▶ Data
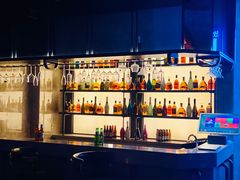 -尔雅释地足道SPA·旗舰店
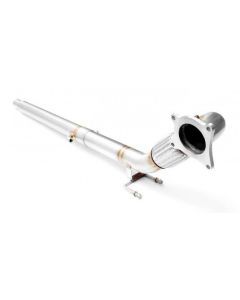 VAG 1.8TFSI & 2.0TFSI Downpipe FWD
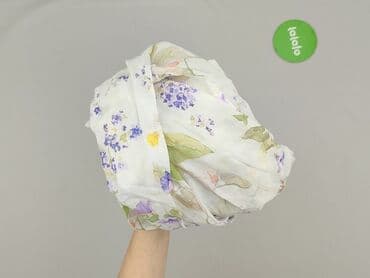 koszula niebieska hm: H&M L.O.G.G., Koszula damska, rozmiar XS — 6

▶ Activity
Each line above is to be duplicated exactly, and the pictures are to be omitted.

▶ Final answer
 -尔雅释地足道SPA·旗舰店
 VAG 1.8TFSI & 2.0TFSI Downpipe FWD
 koszula niebieska hm: H&M L.O.G.G., Koszula damska, rozmiar XS — 6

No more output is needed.